Many of my columns contain advice that is not expected from the popular culture’s generated sleazy image of a personal injury lawyer.
Being honest and forthright, for example, is the direct opposite of what many would expect a personal injury lawyer to recommend.
I’m going to hit you with another one: Do whatever you can, within reason, to make your claim as small as possible.
I can hear the sarcastic commentary now: “Oh, OK. I’m going to go to that lawyer. I’m going to hire the lawyer who is going to help me figure out not how to maximize my claim, but rather to minimize it!”
A personal injury claim is, essentially, a legal right to compensation. What are you being compensated for? Your losses.
The bigger your losses, the bigger your claim.
Conversely, the smaller your losses, the smaller your claim. There is no “bonus.”
There is only recovery of loss. When you factor in the one-third fees you are going to pay your lawyer, you in fact end up significantly “in the red.”
Your best hope is to recover compensation for two-thirds of your losses.
The bigger your losses, the further you end up in the red, because more and more is taken by your lawyer in fees.
For a very small claim, with losses of only $9,000, you end up “in the red” about $3,000 ($9,000 minus lawyer fees).
For a larger claim, with losses of $90,000, you end up “in the red” about $30,000.
Who benefits from maximizing your losses? Your lawyer. Who loses? You.
That’s the dollars and cents argument for keeping your losses as small as possible.
It just so happens that there is also a legal duty to do so. It’s called a “duty to mitigate”

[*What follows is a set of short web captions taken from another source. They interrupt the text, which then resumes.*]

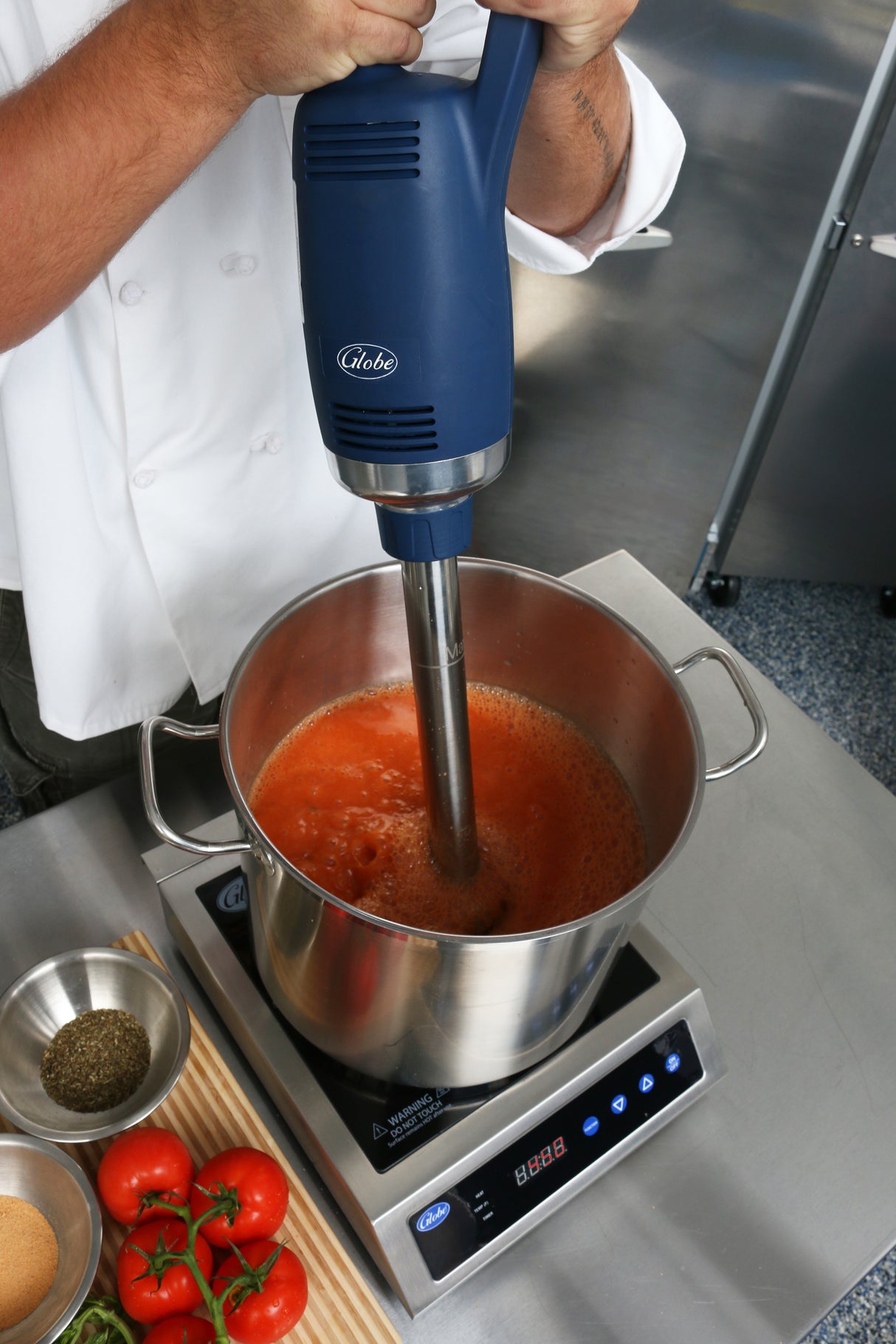 A chef uses a variable speed Immersion Blender with a 14" stainless steel shaft to puree red tomato soup in a stainless steel pot on an induction cooktop. Fresh tomatoes, herbs, and spices are arranged nearby; only the chef's arms and hands are visible.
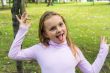 Cute girl with put out tongue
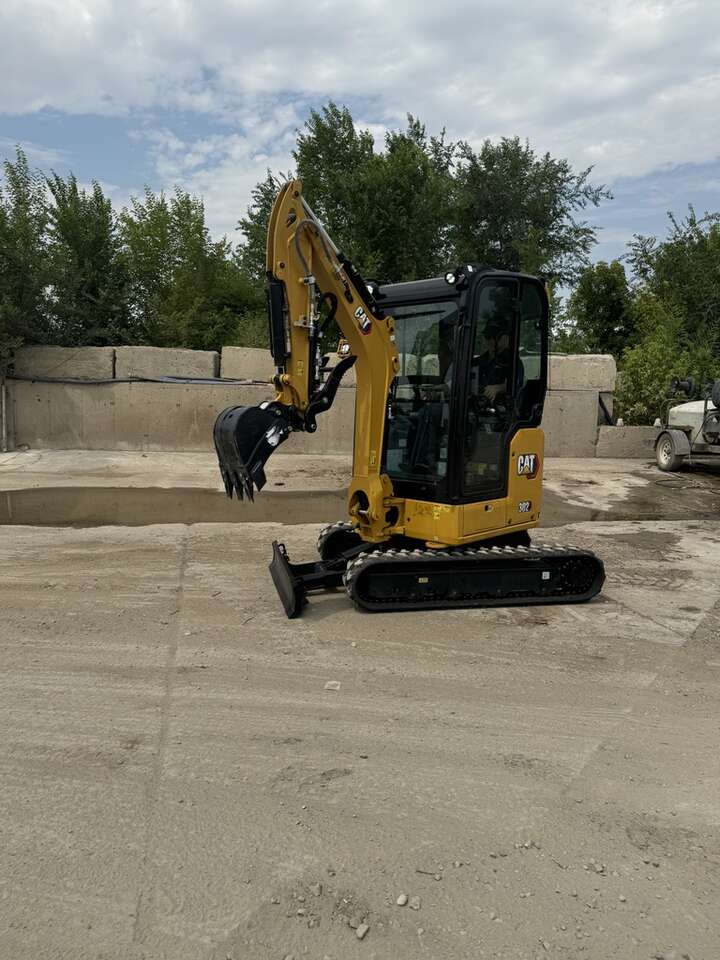 Compact mini excavator for rent. CAT 302. Only 4k lbs and 39 ins wide.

A very recent decision of the Supreme Court of British Columbia quotes the following authoritative statement of the law:
“Mitigation goes to limit recovery based on an unreasonable failure of the injured party to take reasonable steps to limit his or her loss. A plaintiff in a personal injury action has a positive duty to mitigate but if a defendant’s position is that a plaintiff could reasonably have avoided some part of the loss, the defendant bears the onus of proof on that issue…”

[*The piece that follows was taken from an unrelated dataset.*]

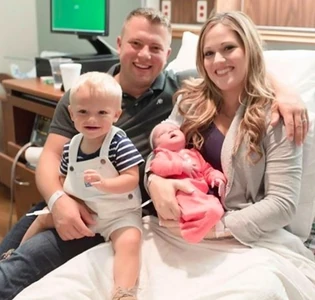 Zach, Whitney, Bradley, and baby Kaci.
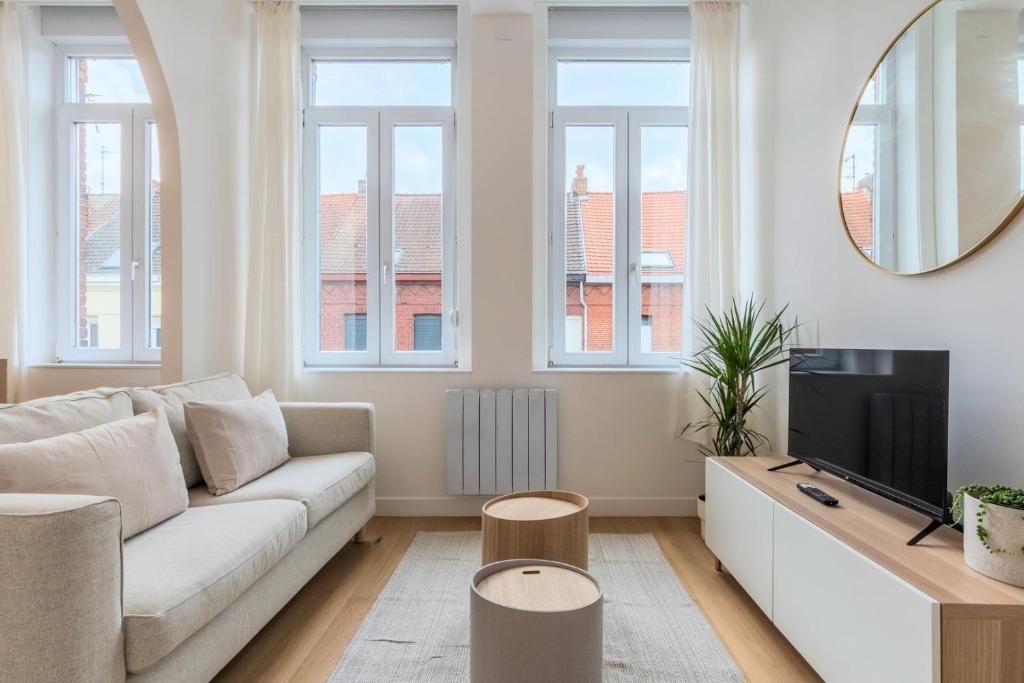 een woonkamer met een bank en een tv bij Appartement T2 proche tramway et commodités in Tourcoing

Turning that into English, you have an actual legal obligation to take reasonable steps to end up as little “in the red” as possible.

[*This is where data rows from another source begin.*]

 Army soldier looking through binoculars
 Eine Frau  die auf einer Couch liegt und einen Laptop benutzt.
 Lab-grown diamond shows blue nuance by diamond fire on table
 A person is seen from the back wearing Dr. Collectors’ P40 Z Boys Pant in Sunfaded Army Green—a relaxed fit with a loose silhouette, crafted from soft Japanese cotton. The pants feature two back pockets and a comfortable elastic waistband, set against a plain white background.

If you fail to do so, ICBC won’t have to reimburse you for the losses that you could have made smaller had you acted reasonably.
For example, if your injury disables you from returning to your very heavy work as a drywall installer, but you would be able to handle less physically heavy work such as working at a desk or working as a salesperson, you have a legal duty to try to get those other jobs.
If you sit back and do nothing, and ICBC is able to prove that you would have been successful finding alternate work and earning at least a portion of the income you would have earned as a drywaller, the court will not reimburse you for that portion.
You will end up with zero compensation for that portion of your losses.
People who are laid off and qualify for Employment Insurance are required to look for work.
The same thing goes for people claiming compensation for injury losses.
The difference is that the Employment Insurance system is not going to hire a lawyer to cross-examine you on how hard you tried to find another job.
This “duty to mitigate” is nothing to worry about. It’s not some “dark magic” that ICBC will be able to use to kill your claim.
It’s all about acting reasonably. If you are the least bit unsure, get advice early on about what steps you could be taking to mitigate your losses and eliminate the possibility that ICBC can successfully “blame the victim” on this point.